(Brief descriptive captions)
----
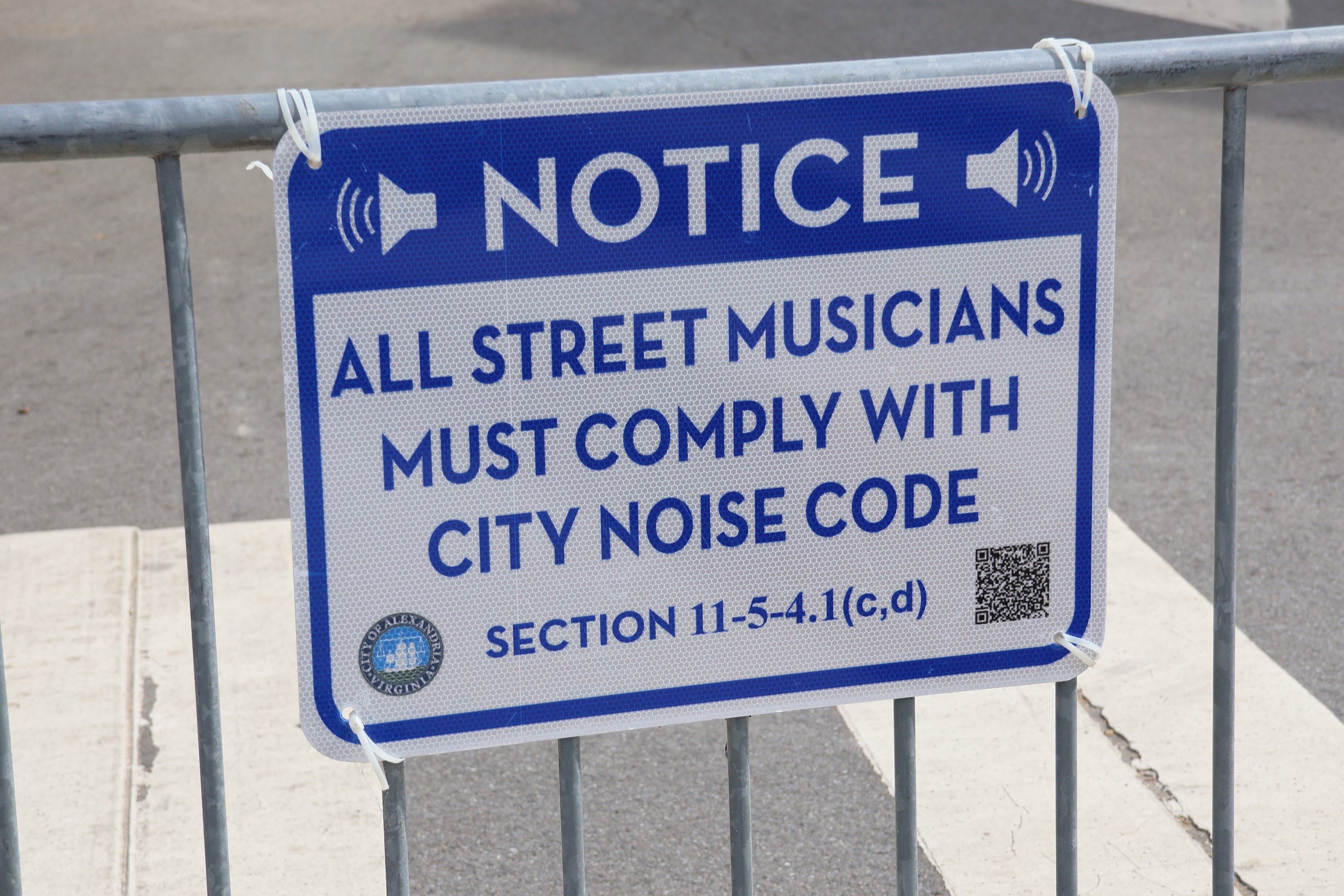 Anschlagtafel mit einem Schild, auf dem "Hinweis: Alle Straßenmusiker müssen die Stadtlärmvorschriften einhalten" steht, an einem Zaun befestigt, mit einer Straße im Hintergrund.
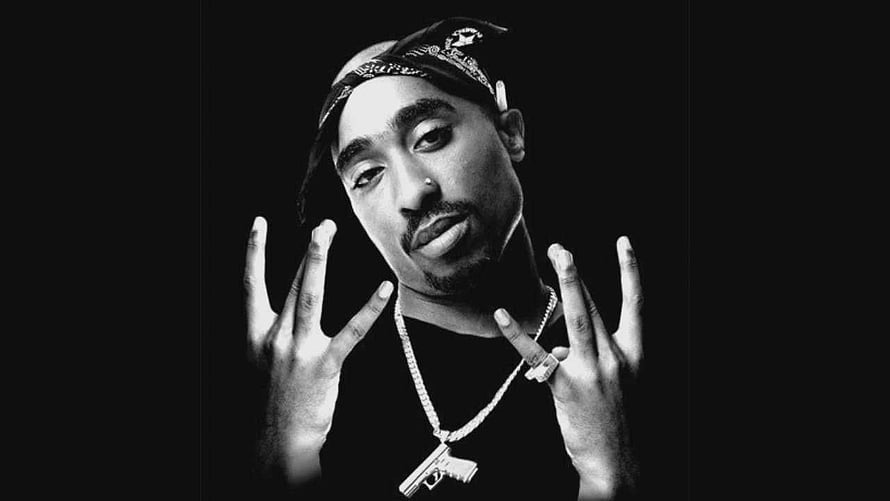 Tupac Shakur Black and White Portrait with Bandana and Gun Pendant Necklace HD wallpaper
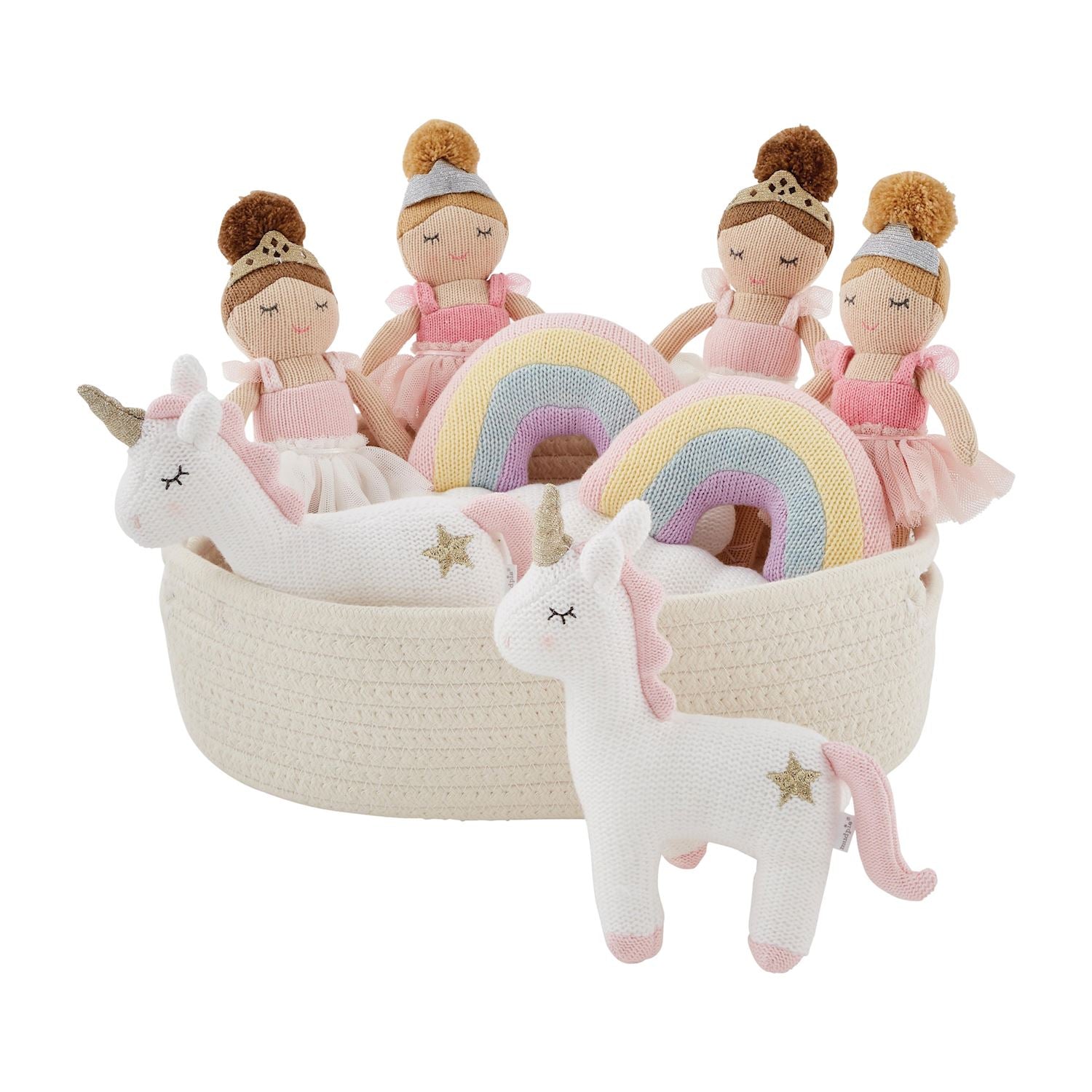 A collection of children's toys including three Unicorn Plush Toys with Rainbow Manes, two plush unicorns, and a rainbow, all arranged in a beige woven basket.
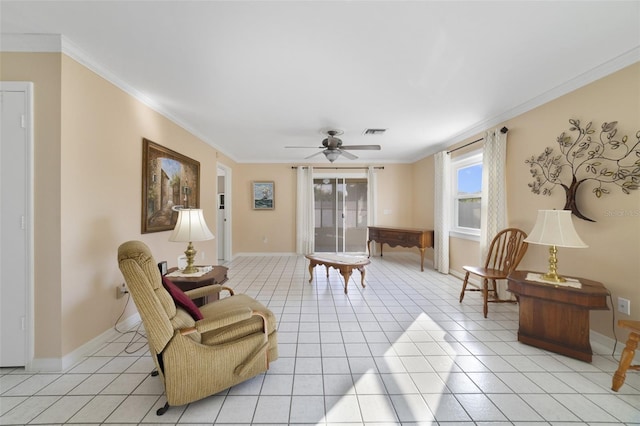 tiled living room featuring ceiling fan and ornamental molding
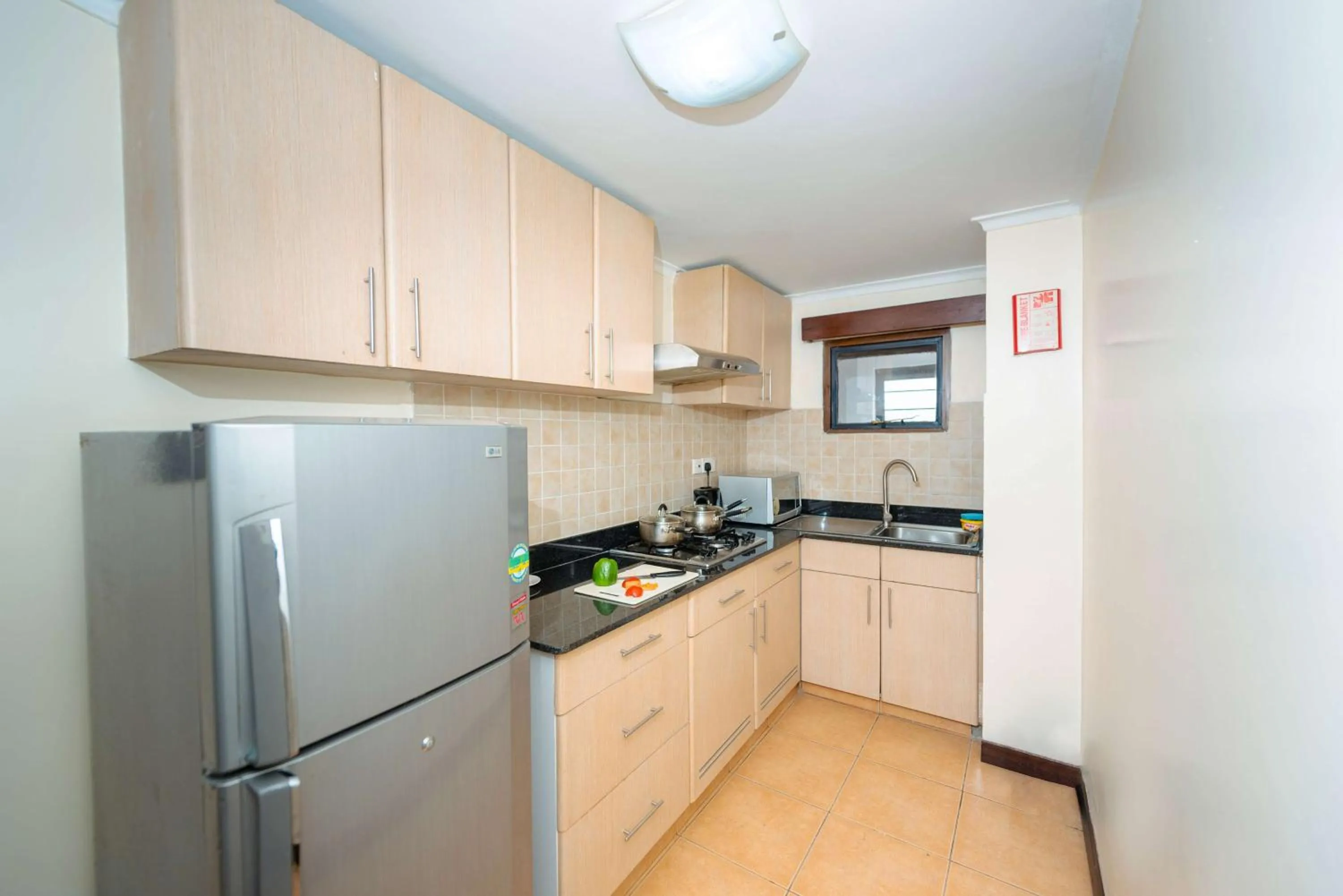 Kitchen or kitchenette in Heri Heights Hotel Apartments, SureStay Collection by Best Western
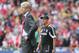 STOKE ON TRENT, ENGLAND - AUGUST 26: Tony Pulis (R) the Stoke City manager looks on with Arsene Wenger, the Arsenal manager during the Barclays Premier League match between Stoke City and Arsenal at the Britannia Stadium on August 26, 2012 in Stoke on Trent, England. (Photo by David Rogers/Getty Images)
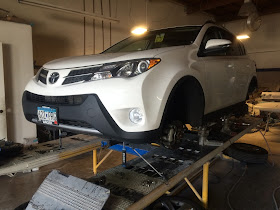 2015 Toyota RAV4 on frame rack being straightened after collision.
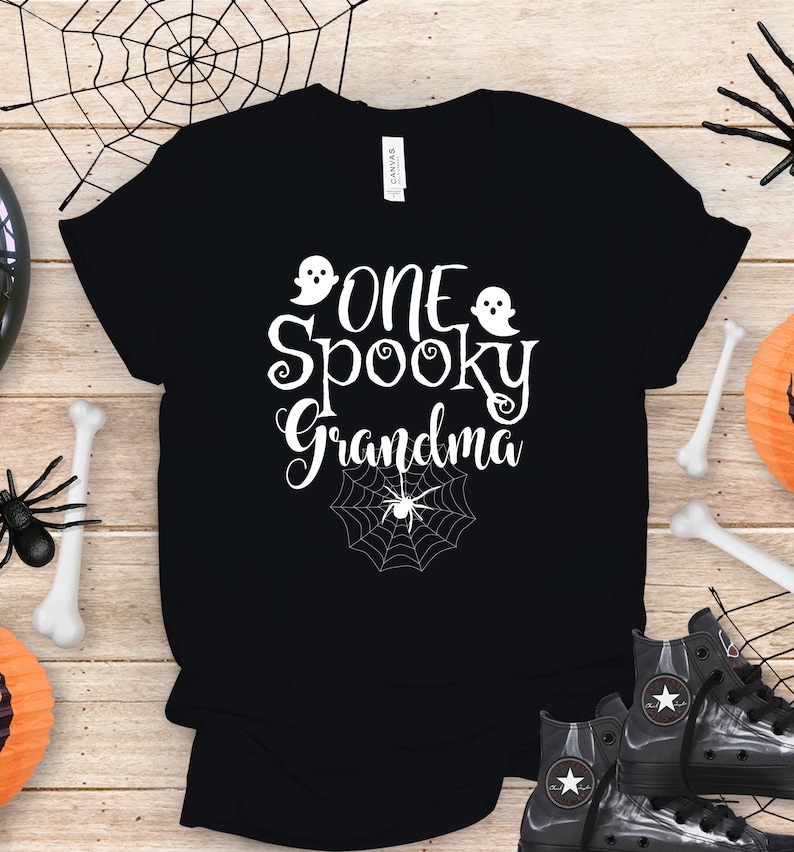 May include: Black t-shirt with white text that reads "One Spooky Grandma" with two ghost images and a spider web with a spider in the center.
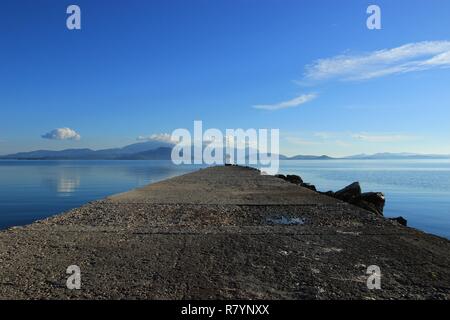 Beacon at the end of pier at Koronisia village in Ambracian gulf, Epirus Greece, calm blue sea, clouds in the sky Stock Photo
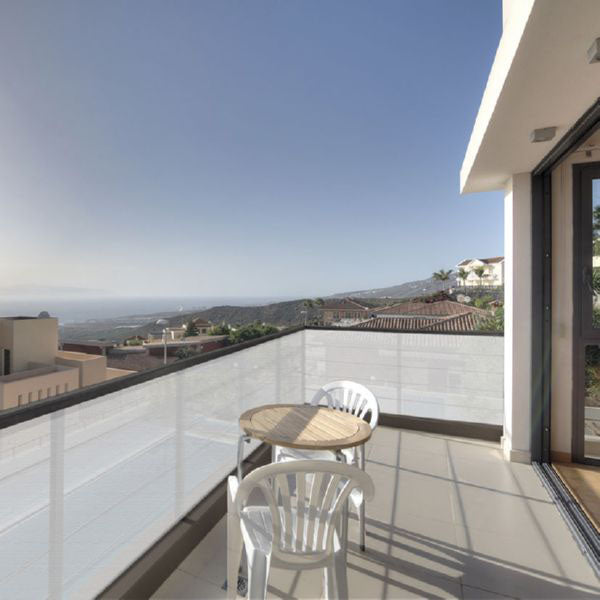 Malla de ocultación blanca instalada en barandilla de terraza con vistas al mar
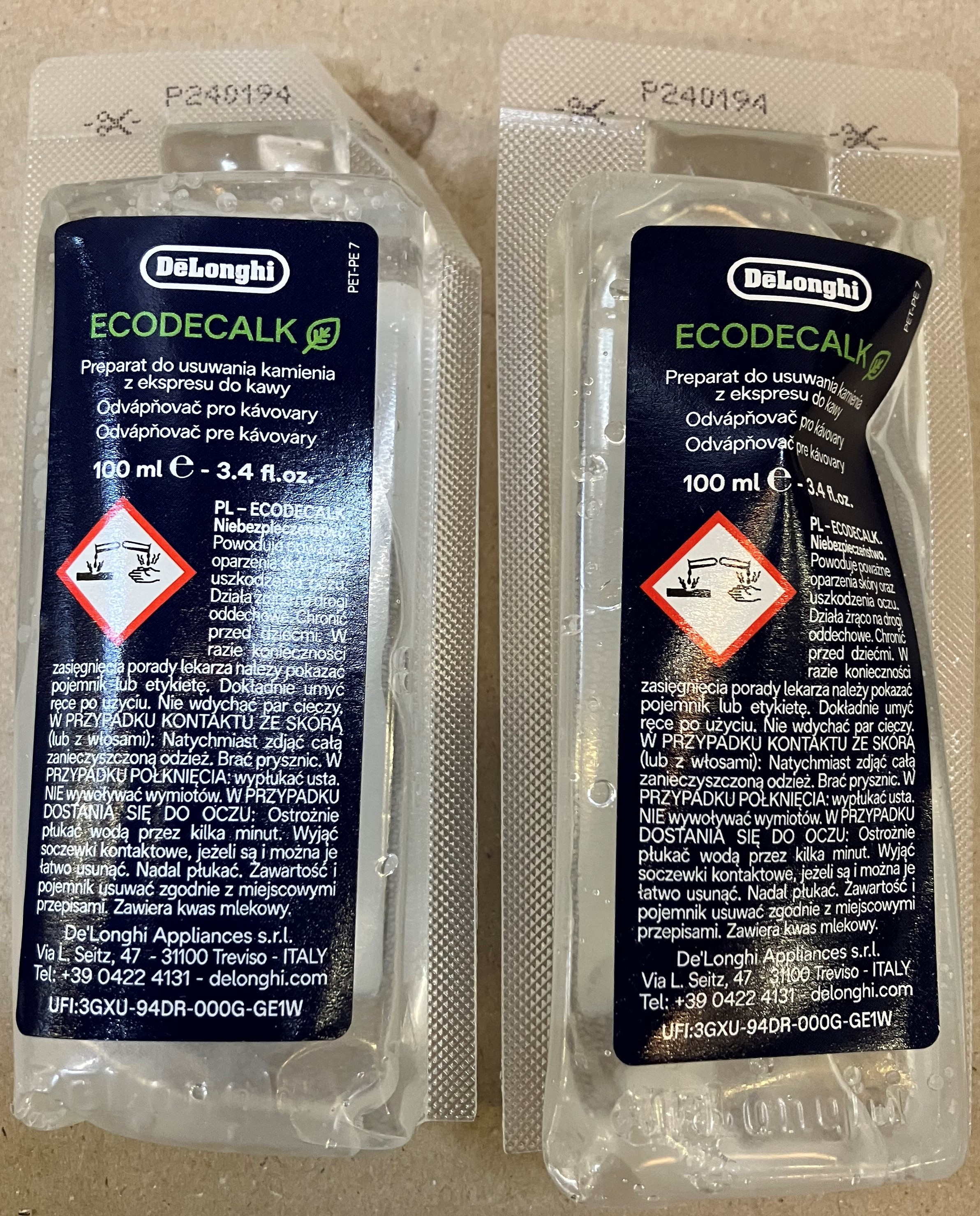 Dwie butelki DeLonghi Ecodecalk, każda z etykietą i symbolem ostrzegawczym. Butelki są przezroczyste.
----
▶ _Assignment_
Strip out the pictures and quote the remaining data word for word.

▶ _Final answer_
 Anschlagtafel mit einem Schild, auf dem "Hinweis: Alle Straßenmusiker müssen die Stadtlärmvorschriften einhalten" steht, an einem Zaun befestigt, mit einer Straße im Hintergrund.
 Tupac Shakur Black and White Portrait with Bandana and Gun Pendant Necklace HD wallpaper
 A collection of children's toys including three Unicorn Plush Toys with Rainbow Manes, two plush unicorns, and a rainbow, all arranged in a beige woven basket.
 tiled living room featuring ceiling fan and ornamental molding
 Kitchen or kitchenette in Heri Heights Hotel Apartments, SureStay Collection by Best Western
 STOKE ON TRENT, ENGLAND - AUGUST 26: Tony Pulis (R) the Stoke City manager looks on with Arsene Wenger, the Arsenal manager during the Barclays Premier League match between Stoke City and Arsenal at the Britannia Stadium on August 26, 2012 in Stoke on Trent, England. (Photo by David Rogers/Getty Images)
 2015 Toyota RAV4 on frame rack being straightened after collision.
 May include: Black t-shirt with white text that reads "One Spooky Grandma" with two ghost images and a spider web with a spider in the center.
 Beacon at the end of pier at Koronisia village in Ambracian gulf, Epirus Greece, calm blue sea, clouds in the sky Stock Photo
 Malla de ocultación blanca instalada en barandilla de terraza con vistas al mar
 Dwie butelki DeLonghi Ecodecalk, każda z etykietą i symbolem ostrzegawczym. Butelki są przezroczyste.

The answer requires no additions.